“Martin Eden” di Pietro Marcello
il mare della conoscenza e il buio della consapevolezza
Con Martin Eden (2019), Pietro Marcello offre una panoramica sociale, poetica e politica del Novecento attraverso la trasposizione filmica dell’omonimo romanzo di Jack London. Dalla California alla Campania, da San Francisco a Napoli, dalla cultura letteraria americana di Herman Melville a quella italiana di Ignazio Silone e Carlo Levi. Capitalismo, socialismo, lotte di classe, proletariato e borghesia, collettivismo e individualismo sono le diverse facce della stessa medaglia narrativa, che restituiscono un racconto colto e profondo. La pittura impressionista, Baudelaire, il pianoforte e l’amore sono le sottili linee che disegnano, e insinuano, la fame di conoscenza nel protagonista, alla scoperta di nuove forme, così vicine e così lontane, chiamate cultura.
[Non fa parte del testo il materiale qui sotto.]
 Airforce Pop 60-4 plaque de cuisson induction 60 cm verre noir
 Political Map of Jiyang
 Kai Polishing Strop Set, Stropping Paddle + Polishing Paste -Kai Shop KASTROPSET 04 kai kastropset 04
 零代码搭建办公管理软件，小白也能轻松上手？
Sognatore curioso, arguto, affamato e determinato, Martin Eden (Luca Marinelli), si trasforma, si eleva, grazie alla sua capacità nel raccogliere gli strumenti donati dal destino e saziando il suo appetito di conoscenza con poesie, romanzi e saggi filosofici.
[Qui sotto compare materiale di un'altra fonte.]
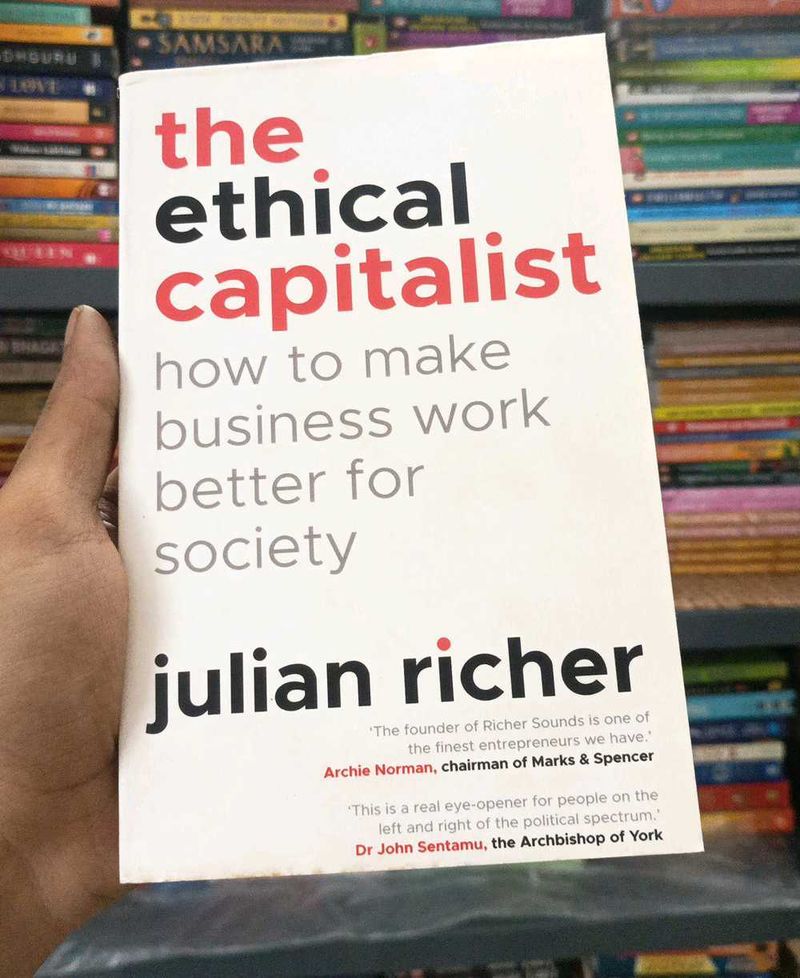 The Ethical Capitalist Book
In tutti questi mesi ho riflettuto molto su me stesso e ho sentito come uno spirito creatore che mi divampava dentro che mi incitava a fare di me uno degli orecchi attraverso cui il mondo sente, uno degli occhi attraverso cui il mondo vede. Insomma, voglio fare lo scrittore.
Le parole del protagonista penetranti e ambiziose per la sua amata Elena Orsini (Jessica Cressy) sono frutto del desiderio di emancipazione attraverso pensieri, parole e scrittura. Un lungo viaggio, ricco di ostacoli, illusioni e realtà. Dove, raggiunto l’obiettivo, dopo anni di sacrifici, il decadimento fisico, morale ed ideologico avranno la meglio sull’artista, accompagnandolo verso l’equoreo baratro. Il regista, con il montaggio, alterna le immagini di finzione con quelle reali, d’archivio, attraversando quasi tutto il Novecento arrivando fino agli anni Ottanta. Stilisticamente, le immagini non vanno mai in conflitto, anzi, si alternano armoniosamente legittimandosi l’una con l’altra, aggiungendo sempre più forza e coerenza sia alla narrazione fittizia che a quella costituita dalle immagini reali, di repertorio. Una scelta originale, che rimanda alle sue esperienze precedenti come il documentario La bocca del lupo (2009) e il lungometraggio Bella e perduta (2015). Oltre alle immagini, sono proprio i contrasti tra i protagonisti che si muovono, e danzano, nello spazio a rendere l’opera riflessiva ed elegante. Quello tra Martin e il suo migliore amico Nino, che è contro lo sfruttamento ma non ha l’istruzione adeguata per ribellarsi; quello tra l’aristocratica Elena e l’umile Margherita oppure quello tra il mentore Russ Brissenden e il rozzo cognato Bernardo. Sinuosi contrasti sociali e ideologici che arricchiscono di significati il contesto e lo sfondo, scortando la crescita di un ragazzo che diventa uomo: che si eleva e si riscatta grazie alla cultura ma che, come archetipo, viene inghiottito da essa.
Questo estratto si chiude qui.